## Information provided
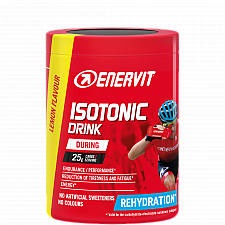 ENERVIT Isotonic Drink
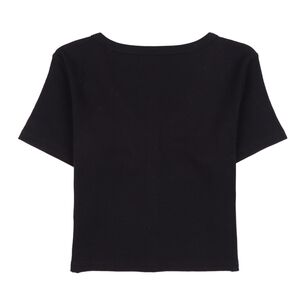 Polera Mujer Freedom
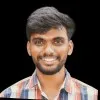Ramakrishna Pamidi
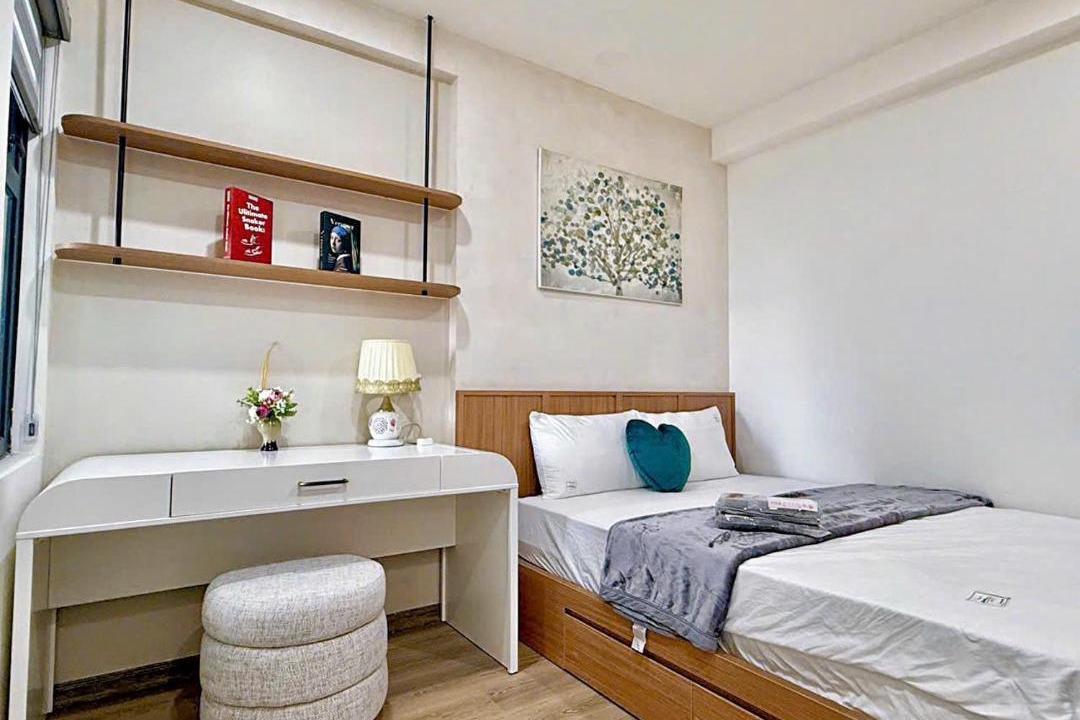 Photo of Bedroom in Viet Yen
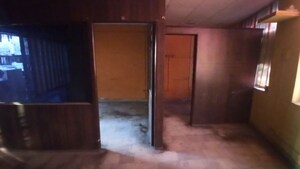 Floor Plan in  Shop at Devpuri – for Sale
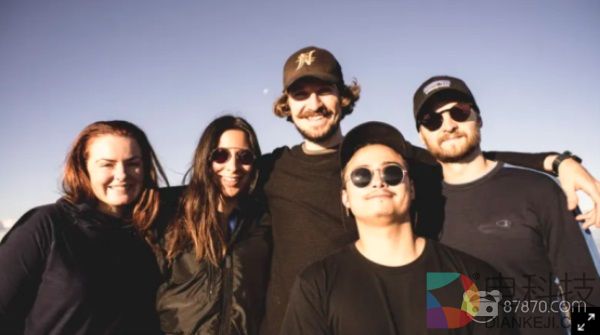 从房地产到医疗，墨尔本初创公司Phoria让VR不再是一个噱头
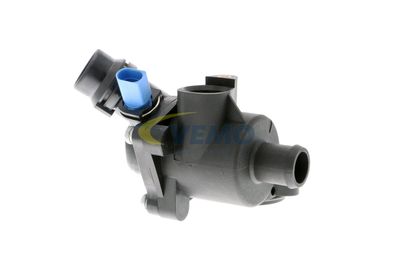 CARCASA TERMOSTAT VEMO V15991905 17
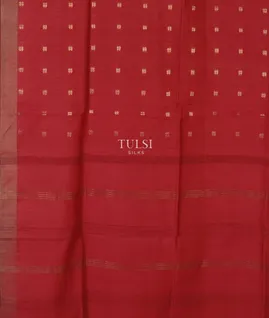 red-handwoven-tussar-saree-t640548-t640548-d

## Task item
Output all of the entries once more, word for word, with the images removed.

## Your response
 ENERVIT Isotonic Drink
 Polera Mujer Freedom
Ramakrishna Pamidi
 Photo of Bedroom in Viet Yen
 Floor Plan in  Shop at Devpuri – for Sale
 从房地产到医疗，墨尔本初创公司Phoria让VR不再是一个噱头
 CARCASA TERMOSTAT VEMO V15991905 17
 red-handwoven-tussar-saree-t640548-t640548-d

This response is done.